Class NetricsWeightedDictionary

    • Constructor Summary

      Constructors 
      Constructor Description
      NetricsWeightedDictionary​(java.lang.String name)
      A weighted dictionary is used to weight terms which should have more or less relevance than other terms.
      NetricsWeightedDictionary​(java.lang.String name, java.lang.String filename, java.lang.String encoding)
      Create a weighted dictionary from a CSV file.
    • Constructor Detail

      • NetricsWeightedDictionary

        public NetricsWeightedDictionary​(java.lang.String name)
        A weighted dictionary is used to weight terms which should have more or less relevance than other terms. For instance, in a company names table, the term "company" might be given less weight as it is less indicative of a match (i.e. it is shared by many company names that are unrelated).
        Parameters:
        name - The name of the weighted dictionary to be created.
      • NetricsWeightedDictionary

        public NetricsWeightedDictionary​(java.lang.String name,
                                         java.lang.String filename,
                                         java.lang.String encoding)
        Create a weighted dictionary from a CSV file. The file is read by the server and must be accessible by the server. Each line will be an equivalence class and terms are comma separated. Do not call addEquivalence class when using this constructor - it will throw an exception. For a weighted dictionary, there should be at least two items per line. The first item is the weight and the remaining items are the terms to be weighted. The file should be in CSV format.
        Parameters:
        name - The name of the dictionary to be created
        filename - The name of the file (on the server) from which to read the thesaurus. The file must be located inside the server's loadable-data directory.
        encoding - This defines the character encoding used in the file. Currently supported encodings are: "UTF-8" or "LATIN1". DEFAULT: "LATIN1"
    • Method Detail

      • addEquivalenceClass

        public void addEquivalenceClass​(java.lang.String[] terms,
                                        double weight)
        Add terms with associated weights.

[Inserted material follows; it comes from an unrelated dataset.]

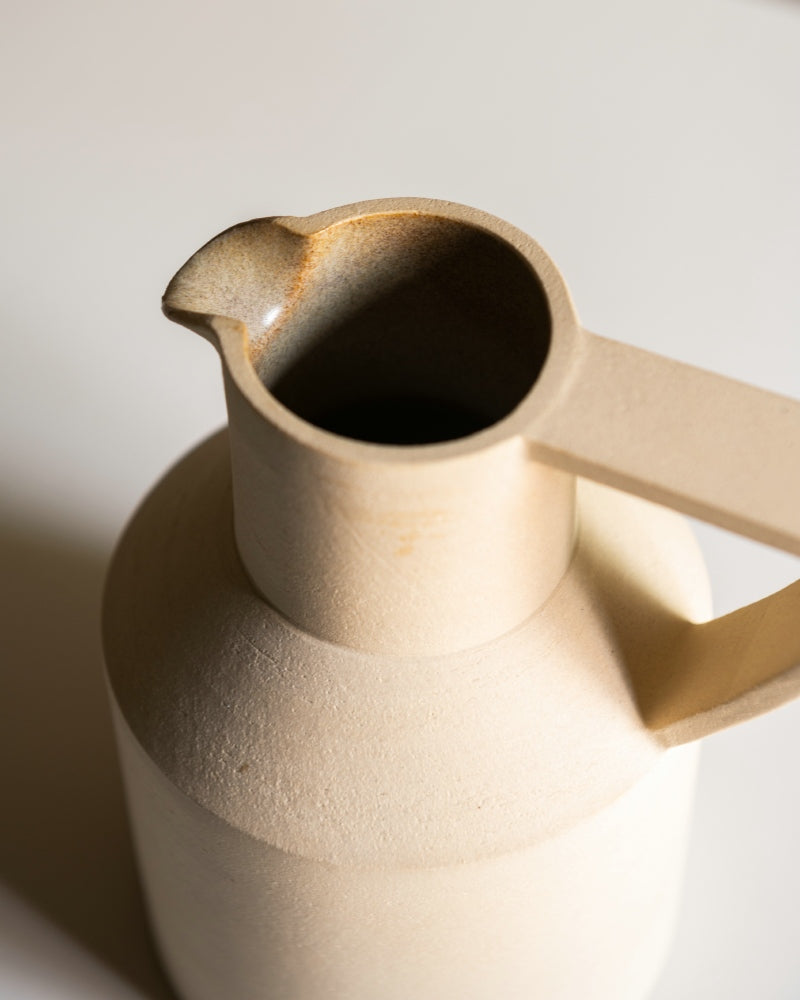 Karaf beige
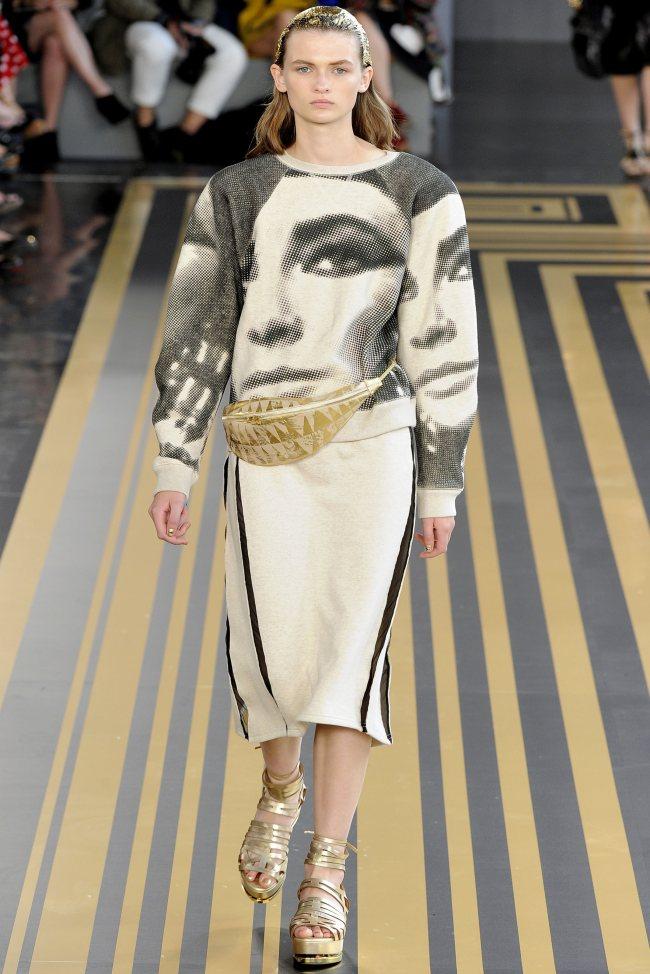 Hayat Hep Moda! Unique Ilkbahar 2012 Londra Moda Haftasi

        Thesauri retrieved from a server via NetricsServerInterface.getThesaurus(String) cannot be modified. Thesauri created from a file via NetricsWeightedDictionary(String, String, String) cannot be modified.
        Parameters:
        weight - The weight of the term.
        terms - All Strings which are elements of the array are considered to be equal for the purpose of record scoring.
        Throws:
        java.lang.IllegalStateException - if the thesaurus was created from a file or retrieved from a server.
      • addClassesFrom

        public int addClassesFrom​(NetricsFieldedReader rsrc)
                           throws NetricsFileFormatException,
                                  NetricsException
        Add a set of classes from a fielded source. This adds a set of equivalence classes from a fielded record source. Each fielded record is considered one equivalence class. The first entry must be the class weight (as string representations of a floating point value). Thus each equivalence class (record) must have at least two entries.
        Specified by:
        addClassesFrom in class NetricsBaseThesaurus
        Parameters:
        rsrc - a NetricsFieldedReader object that provides the equivalence classes.
        Returns:
        the number of classes added.
        Throws:
        NetricsFileFormatException - if there was an error reading records from the source.
        NetricsException - if an equivalence class has less than 2 entries or the first entry is not a float value.
        See Also:
        NetricsFieldedReader, NetricsCSVReader
      • setCharmap

        public void setCharmap​(java.lang.String name)
        Set the character map for this thesaurus.

        Set the character map that is used to map all class entries. This should be the same character map assigned to the table fields this thesaurus will be applied to. It defaults to the standard character map.

        Overrides:
        setCharmap in class NetricsBaseThesaurus
        Parameters:
        name - The name of an existing character map.
      • setExactMatchMode

        public void setExactMatchMode()
        Select exact match mode.

        Calling this method sets the match mode to exact matching. By default the match mode is set to inexact match mode. With an exact match mode terms must match exactly (after the character map is applied) for the thesaurus match and any associated weighting or penalty to be applied. In the default inexact mode a match will be applied even if the term in the query or record is slightly different than the term in the thesaurus. The amount of difference allowed between the thesaurus term and the term in the record or query is determined by the length of the term, short terms must match exactly, longer terms allow one or two character differences.

        One place where exact mode may be appropriate is when you you have terms in your thesaurus that are very similar but must not be confused.
        Overrides:
        setExactMatchMode in class NetricsBaseThesaurus